Ma lui se lo sentiva dentro, verrebbe da dire. Sulla sua pagina Facebook partendo da Courmayer dove si era esibito la notte di Capodanno, aveva postato una foto dell’autostrada che si snodava davanti a lui. Stava tornando a casa e sentiva di dirlo a tutti. Sotto alla foto, poche parole: “Back home… in viaggio per casa”.
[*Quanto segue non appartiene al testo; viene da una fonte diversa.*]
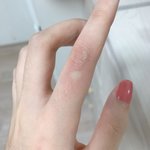[댓글부탁해] 원래 고양이한테 긁히면 이렇게 부어오르나?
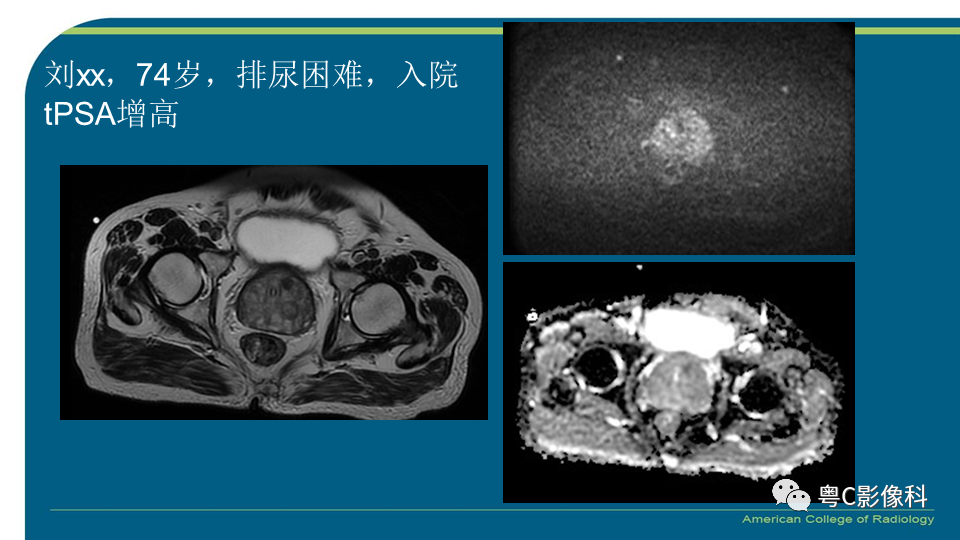影像PPT - 【PPT】PI-RADS v2.1 修订解读并浅谈临床应用局限性-41 影像PPT - 【PPT】PI-RADS v2.1 修订解读并浅谈临床应用局限性-41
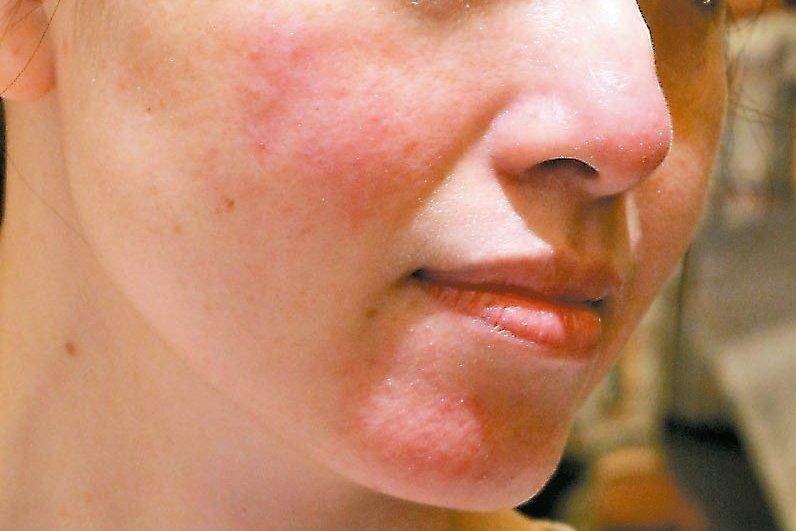 贴面膜有点小刺痛是缺水吗,脸部缺水贴面膜会刺痛是怎么回事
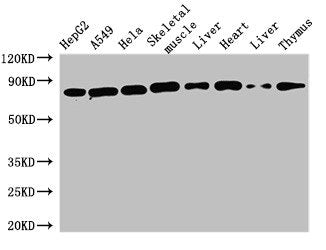 Western Blot  | Positive WB detected in: HepG2 whole cell lysate, A549 whole cell lysate, Hela whole cell lysate, Mouse skeletal muscle tissue, Mouse liver tissue, Rat heart tissue, Rat liver tissue, Rat thymus tissue  | All lanes: SKIL antibody at 1.6µg/ml  | Secondary  | Goat polyclonal to rabbit IgG at 1/50000 dilution  | Predicted band size: 77, 47, 72, 45, 75 kDa  | Observed band size: 77 kDaRabbit anti-Human SKIL Polyclonal Antibody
Era stanco, Pino? Non lo sappiamo. Forse sentiva una stanchezza inspiegabile, ma anche un desiderio insopprimibile: quello di tornare a casa. Probabilmente era felice, il cuore pieno di quella gioia che il pensiero di tornare a casa solo sa metterci dentro. Napoli, la Maremma? Che importa. C’è una casa più grande, sembra abbia voluto dire con le sue ultime volontà, oltre i luoghi geografici e le appartenenze di questa vita che si consumano e svaniscono. La morte di un uomo è un affare privato, e lui in qualche modo ce lo ha fatto capire. I conti li facciamo con Dio e come li facciamo e come Dio stabilisce di metterceli davanti in quegli ultimi istanti, è proprio un fatto intimo. E’ un faccia a faccia in cui noi non dobbiamo intrometterci. Pino Daniele sta tornando a casa, quella casa a cui in fondo tutti vogliamo tornare. Che ne siamo coscienti o meno.